Every day, just about, I got out on the porch and check on my little garden, my happy place. Most years, I try to get a hibiscus and a bougainvillea. This year I found a beautiful golden hibiscus and a dark pink/fuchsia bougainvillea. A friend also got me a red lily. I also have dipladenias, petunias, cannas, morning glories, celosia, coleus and other delights.
And Tuesday morning, I went out to check the plants and get my morning dose of color, but something wasn’t right. The lilies were gone.
Oh, no, the bougainvillea was gone — the one that just developed an aberration and was sprouting white flowers along with the pink.
And the golden hibiscus — gone. So my biggest most valuable potted plants were gone.
They probably would have taken my white dipladenia but it was staked and tied to the porch railing so it would vine along as summer progressed.
With all the chaos going on in the world, with people dying, getting hurt, being abused — the theft of 3 plants off a porch hardly seems like much of a problem. But it really hurt me. It was such a mean and petty theft. How could whoever stole them be proud of them if they had not nurtured their beauty and brought them to bloom?
And I worry that whoever stole them will not take proper care of them. It couldn’t have been a homeless or drug addicted person. The plants were too big and too heavy for any one to carry very far. Some one rushed the porch in the night or the early morning, stole the plants and put them in a car and drove away. Feeling quite entitled and smug, I’m sure.
So, it’s taken me about til now (2 days) to get Zen about it.
Part of it is that I feel like there are fewer and fewer pleasures in my life that I can manage on my own. Tending my garden is one (arting around is the other.) But I can let it go now. Everything comes to an end, sometimes before we imagine it will. I like Helen Keller’s quote:
“Security is mostly a superstition. It does not exist in nature, nor do the children of men as a whole experience it. Avoiding danger is no safer in the long run than outright exposure.”

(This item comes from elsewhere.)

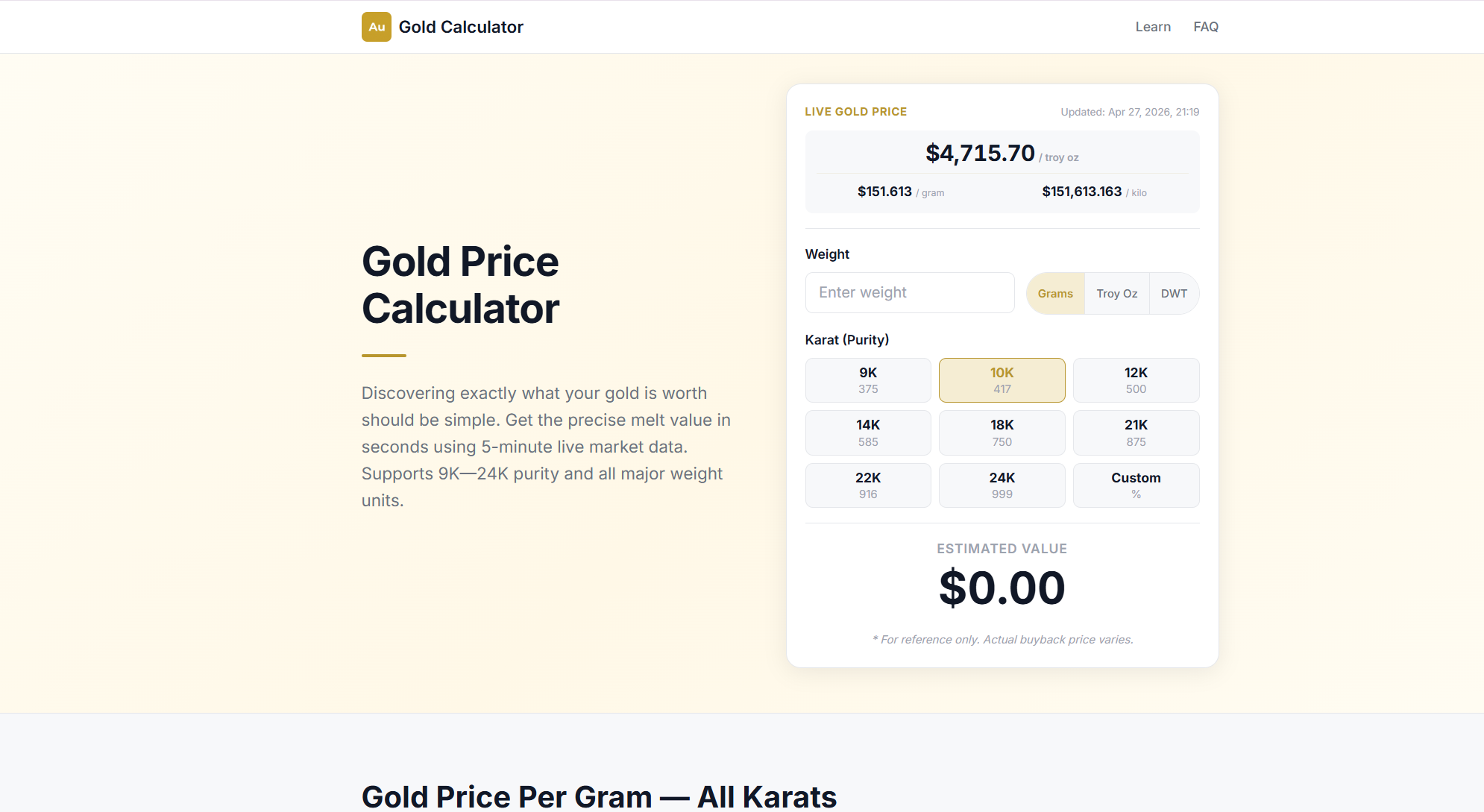 Gold Calculator screenshot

A dear friend brought me another hibiscus — a coral pink Painted Lady. One flower, lots of buds. There aren’t any more bougainvilleas to be had this year.
The thing is though, last fall, I brought in my bougainvillea and my red hibiscus from my porch, and over wintered them indoors. The red hibiscus did well this summer and had just finished a blooming cycle, so it wasn’t decked out in blooms Monday night. The bougainvillea didn’t fare so well, but I gave it a severe pruning a few weeks ago. It looks like a stick with a few leaves randomly pasted on it. But I see that there is new growth just beginning to bud out, which is where the new flowers will grow.
I know this because I tend to my plants. I watch and nurture them. I breathe in their gift of oxygen. I don’t think the person who stole my plants will get nearly the pleasure out of them that I did. I can grow new ones and I doubt they can. And those stolen plants, they made me really happy, which I doubt is an emotion the thief ever feels.